◆ Supplied information ◆
================
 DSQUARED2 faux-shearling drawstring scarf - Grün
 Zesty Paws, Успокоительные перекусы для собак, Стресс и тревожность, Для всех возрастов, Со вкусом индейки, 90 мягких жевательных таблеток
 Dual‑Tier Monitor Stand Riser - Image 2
================
◆ Problem details ◆
At the line with "Zesty Paws, Успокоительные", start returning lines exactly, and stop after the final line of the listing.

◆ Solved problem ◆
 Zesty Paws, Успокоительные перекусы для собак, Стресс и тревожность, Для всех возрастов, Со вкусом индейки, 90 мягких жевательных таблеток
 Dual‑Tier Monitor Stand Riser - Image 2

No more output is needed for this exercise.